Author Archive for Helena Montelius

The Alchemy of Turning Unmet Needs into Bliss

The Alchemy of Turning Unmet Needs into Bliss

by Helena Montelius

Have you ever felt needy in a relationship? Or needy because you are single? Needy for more attention, more touch, more sex, more quality time, more help with the housework, more space, more communication, more appreciation, more…Most of us have felt that need/longing for more arise in our romantic relationships and in other relationships as well. And most of us have had the experience of sitting down to talk to our partner; explaining what we need and feeling even more need arise; the need to be heard, understood and seen in our neeeeeeds. And then feeling rejected, unloved, unappreciated, unseen, unmet or disappointed when our partner cannot fulfill our needs for some reason.
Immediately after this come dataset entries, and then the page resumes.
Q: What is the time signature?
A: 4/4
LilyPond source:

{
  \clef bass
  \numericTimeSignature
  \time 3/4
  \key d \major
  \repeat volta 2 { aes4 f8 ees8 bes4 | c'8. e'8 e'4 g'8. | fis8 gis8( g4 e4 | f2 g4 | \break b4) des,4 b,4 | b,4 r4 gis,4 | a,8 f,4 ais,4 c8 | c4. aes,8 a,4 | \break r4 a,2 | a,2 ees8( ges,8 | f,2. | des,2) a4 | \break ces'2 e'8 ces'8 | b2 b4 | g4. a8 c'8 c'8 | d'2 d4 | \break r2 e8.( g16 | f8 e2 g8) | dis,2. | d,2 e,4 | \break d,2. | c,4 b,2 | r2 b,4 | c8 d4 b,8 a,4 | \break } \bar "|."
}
If my partner won’t give me more touch, I’ll feel unsatisfied forever, says ego.

If my partner won’t give me more time, I’ll feel lonely forever, says ego.

If my partner doesn’t help out more in the household, I’ll feel exhausted forever, says ego.
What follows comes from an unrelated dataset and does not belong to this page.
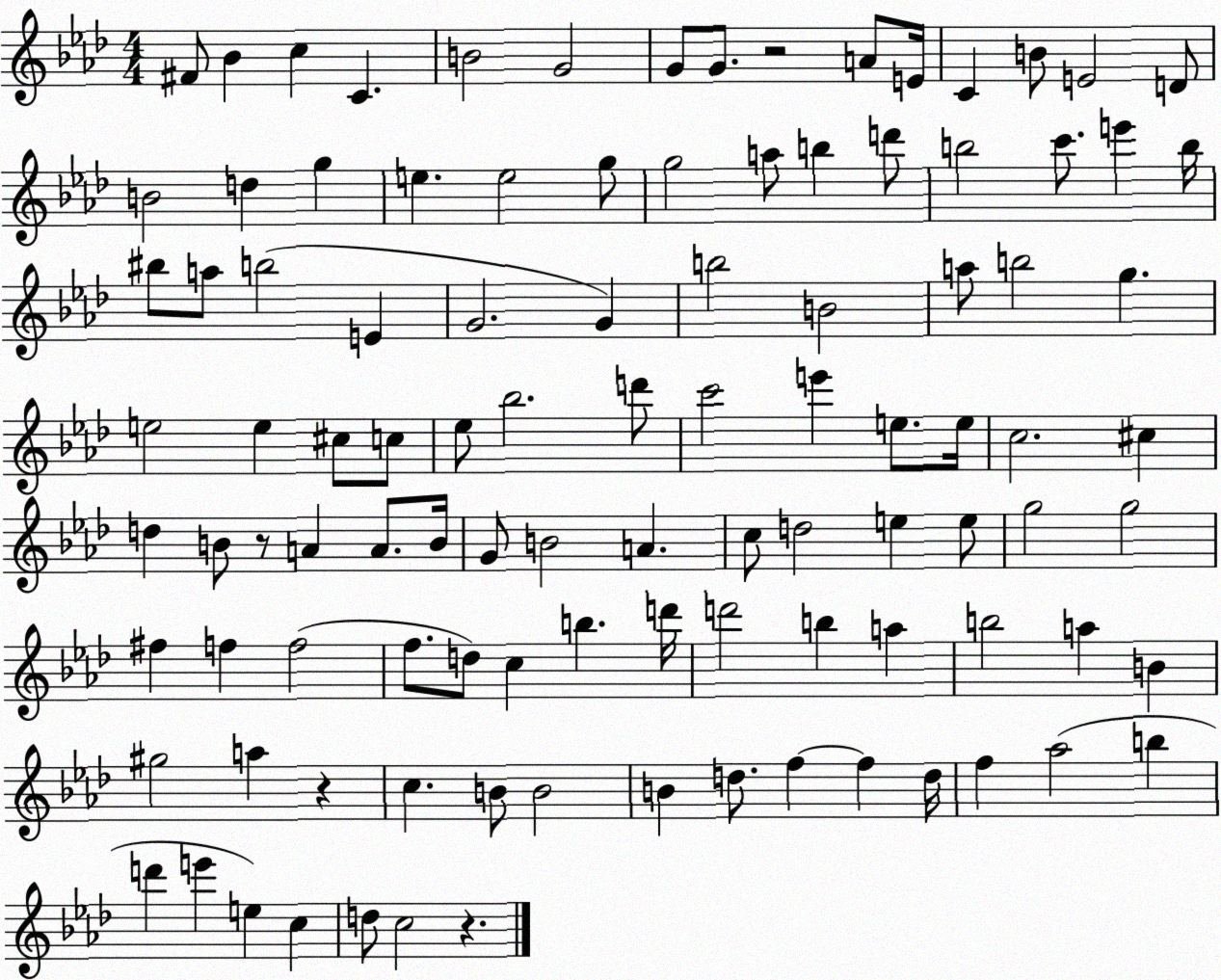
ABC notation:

Here is a practice to break this cycle of co-dependency:

  • Write down a list of what you feel you need from your partner (or, if you are single, write what you need from your future partner that you are hoping to meet), be very specific. For example:

I need more touch. When, where and how do you need more touch? I need my partner to stroke me softly and slowly. I need my partner to hug me when he comes home. I need my partner to reach out to touch me spontaneously and not just before sex. Etc…

I need my partner to see me. What would it look like if your partner truly saw you? He/she would give me a lot of space to share about my feelings. He/she would look into my eyes and speak of something he appreciates about me. He/she would acknowledge my talents and strengths. Etc…

I need my partner to give me more space. What would that look like? He/she would not walk into the office every five minutes to talk about something when I am working. Be OK with me sleeping in my own bed some nights. Let me be emotional and upset when I am. Etc…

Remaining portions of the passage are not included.